業界の景況DI 売上高DI 収益状況DI
前 期 今 期 前 期 今 期 前 期 今 期
製 造 業 -32.6↑ -32.5 -14.2↑ -11.0 -34.9↑ -33.9
非製造業 -45.9↑ -41.7 -29.7↑ -25.0 -45.3↑ -38.6

 

◆◆◆◆◆◆◆◆◆◆◆◆◆ 各月の要望事項 ◆◆◆◆◆◆◆◆◆◆◆◆◆

8月
「売上高は下落し続けている。適正価格では受注につながらず、値引き販売が常態化している。見積もり数は多いものの受注につながらない。」
(帆布製品製造業)


 
「段ボールシートの生産量は7ヶ月連続で前年の生産量を上回った。しかしながら収益状況に変化は無く、包装材の景況が回復しているとは言い難い。」
(包装材料小売業)


9月
「エコカー補助金が終了したことにより、自動車販売は減少している。10月以降は15%の受注減となる模様。」
(ダイカスト製品製造業)


 
「過当競争に陥っているため、収益率は悪化。車両台数10台以下の組合員はさらに減車を行い事業規模を縮小することで経営を維持している。」
(貨物自動車運送業)


10月
「9月より発注元が生産調整を行っており、受注量は減少する一方、コストダウンの要請も厳しい。また、円高が続き発注先の海外移転が加速すれば、その影響は計り知れない。
(鍍金加工業)


 
「新たな需要期を作るべく、毎年10月の第3日曜日を「孫の日」と定め販促活動を実施している。未だ世間に浸透しているとは言い難いが、今後とも継続的にPR活動を行っていきたい。」
(玩具卸売業)


11月
「廃業を検討している組合員が増加している。売上が減少する中、多品種小ロットの注文が多いなど困難な状況が続く中で、倒産する前に廃業しようとの考えに至っている模様である。」
(中華麺製造業)


 
 「中古車の流通量は相変わらず不足している。円高で輸出業者の買い控えもあり、オークション会場にも活気がない。」
(中古自動車小売業)


12月
「原材料価格の上昇が懸念されている。景況については組合員間に格差が生じている。」
(ゴム製品製造業)


 
「お歳暮需要は低調に終わり、業績は低迷した。」
(缶製造業)


 
「ユーザーである理容業界では理容師志願者が激減しており、業界全体に危機感が広まっている。

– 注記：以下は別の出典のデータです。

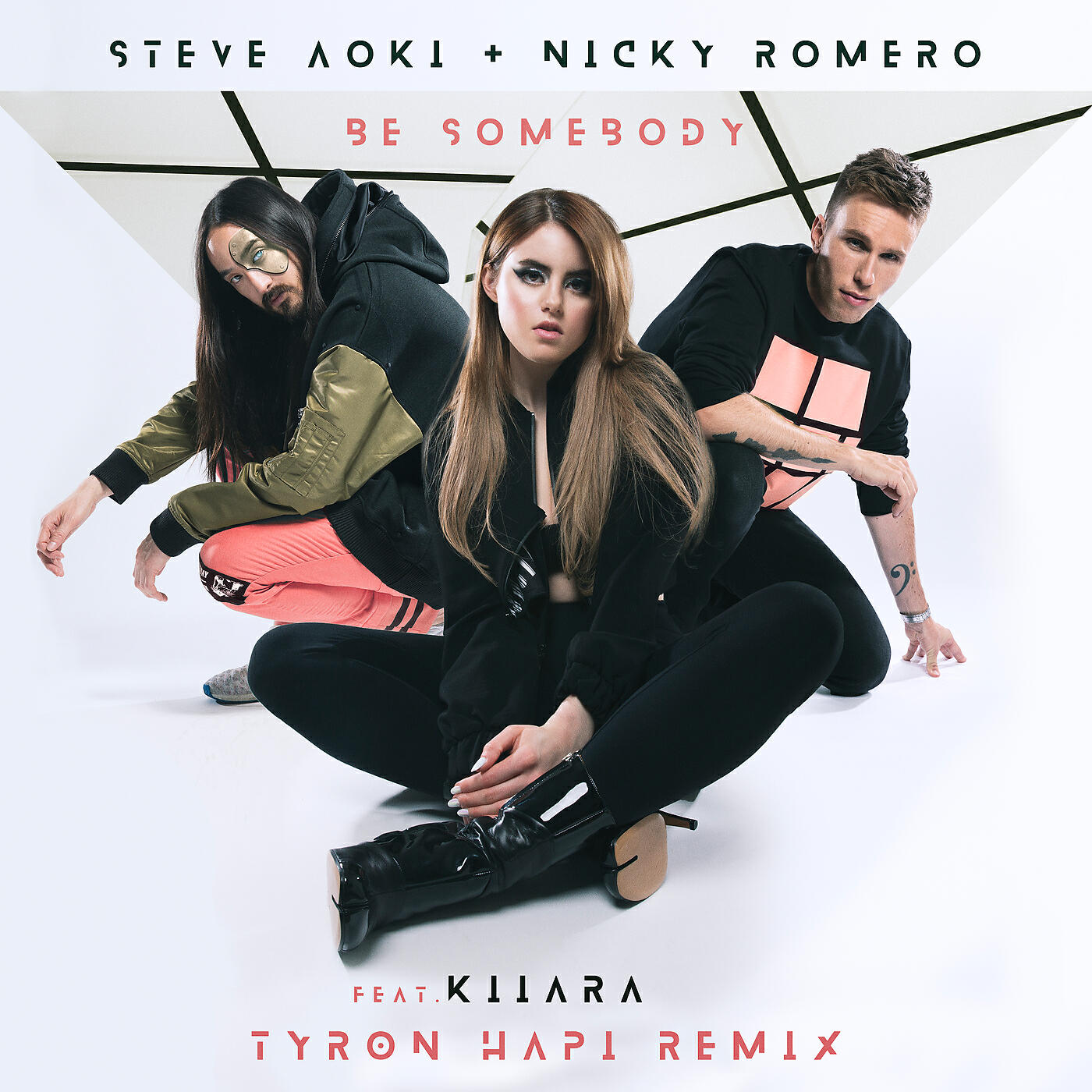 Steve Aoki - Be Somebody (Tyron Hapi Remix)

都内の理容組合では高等学校を訪問して理容師の仕事を説明する課外授業を開催し理容師の魅力をPRしている。当組合も理容師組合と協調して理容師志願者の獲得に向けて運動を展開している。」
(理容用品卸売業)


1月
「前年比20%に近い工賃の低下と、工程が複雑で生産性の落ちる仕事の増加で組合員の収益は極度に悪化している。このため、組合員の事業継続のモチベーションが大きく低下している。」 
(洋服製造業)


 
「昨年11月のエコポイント先取り需要の影響がはっきり出ている。テレビの在庫量が増加しており、販売価格は低下し始めている。」
(電器製品小売業)



◆◆◆◆◆◆◆◆◆◆◆◆◆ 各月の要望事項 ◆◆◆◆◆◆◆◆◆◆◆◆◆

8月
「下請法を企業が有効に活用するためには、具体的どうすればいいか。実際に活用できる支援策の実施を望む。」
(缶製造業)


 
「自動車の定期点検・整備はCO2の削減に寄与する。環境対応の観点から定期点検・整備を推奨してほしい。また、高齢・初心者ドライバーの事故防止のため、ブレーキとアクセルの踏み間違えを防止する装置やブレーキアシスト装置の設置義務化をお願いしたい。」
(自動車整備業)


9月
「人気の繁華街を除き、組合員が加入している多くの商店街ではシャッターが閉じている店舗が増えている。お年寄りが近所の商店街で最低限の買い物ができるよう緊急の対策を講じていただきたい。」
(化粧品小売業)


10月
「ガソリンスタンドの地下タンクに対して、消防法に基づく規制強化が実施されることになり、このままではスタンドの廃業が相次ぐことが予想される。業界存続のためにも規制の緩和か助成措置の実施を強く要請したい。」
(石油小売業)


11月
「ゼネコンの安値受注の影響が下請中小企業に及んでいる。下請保護策の実施を切に望む。」
(管工事業)


12月
「かいわれ大根等の青果物に出荷日の日付シールが貼られはじめている。行政指導があったと思われるが、行き過ぎではないだろうか。食品の安全策は必要であるが、食品を無駄にしない方策を講じてほしい。」
(青果小売業)


 
「個人情報保護法の影響により複写や出力業務の大企業からの発注が激減している。行き過ぎた制度の見直しを進めてほしい。」
(複写業)


1月
 「中央省庁が導入を検討していると言われる官公需発注の際の「競り下げ」は、中小企業をさらなる低価格競争に追い込む可能性があり、再検討願いたい。」